Reason #3: The Break-up of the Government

From time to time on this blog I have told some of the revelations I have received from the Holy Ghost.  For example, back in April of this year, I published some whisperings I had received concerning the economic problems we currently find ourselves in.  (See the second comment of that post, too.)  I believe I have also published on this blog before (perhaps several times) that the U.S. government would be broken up and we would be brought into tribal anarchy.  I might have expressed myself about this subject as just issuing an opinion.  Since then, however, the Spirit has confirmed the fact.

However, this begs the questions, “What is the established pattern of the Lord for destruction upon a people and nation?  Does not He first warn them by sending prophets to them?”

So, the imminent break-up of the government could signal the imminent return of Joseph, in which he fulfills his prophetic duty of warning the wicked of our corrupt government one last time before its destruction, leaving them without excuse.

Reason #4: The Break-up of the Church

I have written before on this blog that I believe the church will be broken up and cleansed.  (See The Root Cause of the Current Financial (Monetary) Crisis and Its Solution and The dissolution of the corporate LDS Church via “gay marriage”, for example.)  This belief is based upon revelation given me of the Spirit.  (See, for example, this comment.)  I had always assumed that the Lord would clean His church in one of three scenarios, but the unannounced return of Joseph Smith would also be sufficient to break-up the church.

Reason #5: A “New Variable” from the Lord

The Spirit has indicated to me that there will be a “new variable” from the Lord that will present itself.  (See my comments on this other blog.)  All I know about this new variable is that it will initiate the church cleansing and start the process of the redemption of Zion.

There is no better way to cleanse the church from top to bottom, both member and priest, than to have Joseph return unannounced to set in order the church.  And we all know that if anyone can redeem Zion, he can.

Reason #6: Joseph Fits the Bill

Prior to the election, I met with what4anarchy and told him of these prophecies.  I explained to him that I didn’t understand how this was all going to fit because my understanding was that the church must be broken up first, before the government gets broken up.  I didn’t understand how this was to happen, as the Spirit hadn’t revealed it to me, He had only told me that it would happen.

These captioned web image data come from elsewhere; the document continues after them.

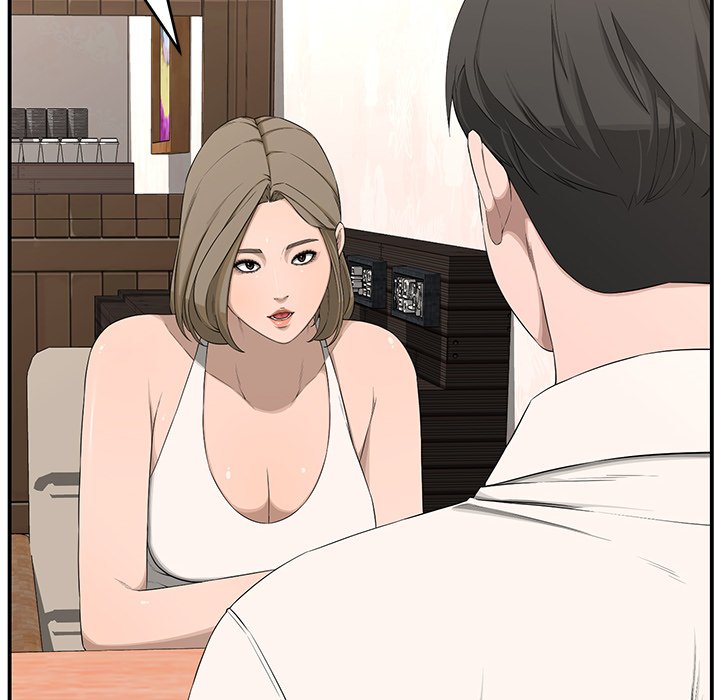 Newlyweds chapter 18 page 164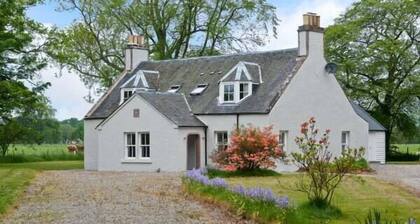 Easter Urray Farmhouse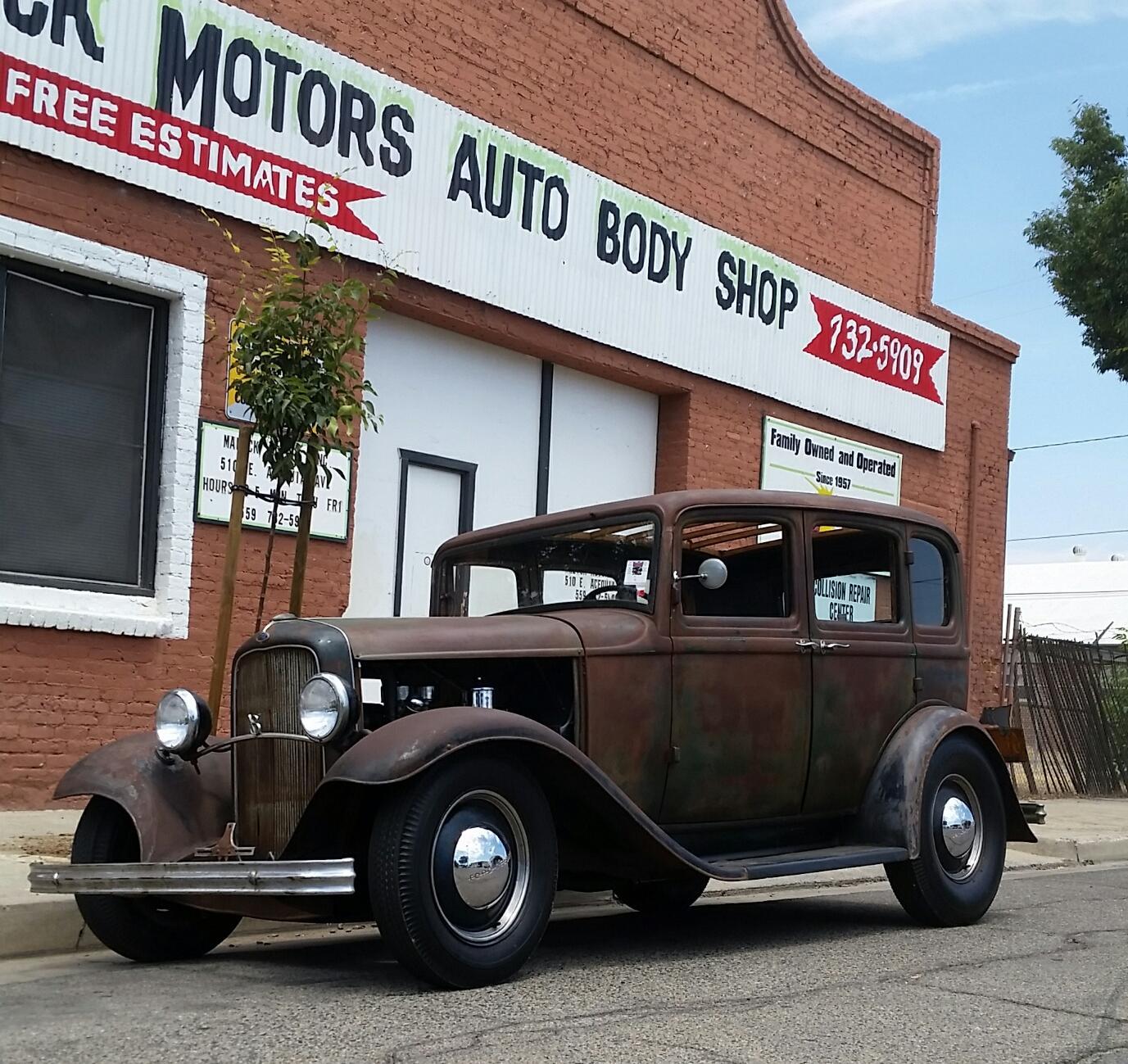 32 Fordor Old Nash Dealership.JPG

We discussed Prop 8 and my other scenarios for the cleansing and break-up of the church, but none of these seemed to fit this particular time, as the Spirit was indicating that the break-up was imminent.

However, the return of Joseph Smith does fit.

I realize that OWIW’s time line is from April 2008 to April 2009.  That is the time frame he gives for the Third Watch to begin and Joseph (and others) to return.  Personally, for the prophecies of the scriptures to be fulfilled at this time (and also the prophecies I’ve received), I’d put it more between now and the swearing in of Barack Obama as the President of the United States, i.e., from today (this post was written on December 19-21, 2008 ) to January 20, 2009.  And if I had to pick a day for Joseph to return, I’d say he’d return to life on December 23rd, his birthday.  (Btw, Happy 203rd Birthday, Joseph!)

The Proclamation

The reason for this time frame?  D&C 124: 1-14.  The proclamation that Joseph was supposed to write to the “honorable president-elect” (which never was written) must be written and delivered while there is actually a president-elect.  (Contrary to the section’s verse summary, which reads, “Joseph Smith is commanded to make a solemn proclamation of the gospel to the president of the United States, the governors, and the rulers of all nations“, the revelation itself never says that the proclamation was to go to the president, but to the “honorable president-elect”.)  The words of the revelation show that the Lord was looking at a future time, in which would be similar circumstances.  Notice this:

For it shall be given you by the Holy Ghost to know my will concerning those kings and authorities, even what shall befall them in a time to come. (D&C 124: 5)

Either the proclamation was written back then and will be sent forth this or next month, or it will be written this or next month and sent forth prior to President-Elect Barack Obama’s inauguration.  Either way, for these instructions to be complied with and this prophecy to be fulfilled at this time, there are about 30 days left for Joseph to return and issue the proclamation to the honorable president-elect Barack Obama, to the high-mined governors of the states (including the high-minded governor of Illinois, Governor Rod Blagojevich), to the kings of the nations and to the nations of the earth, i.e., to the executive branches of all the nations of the earth.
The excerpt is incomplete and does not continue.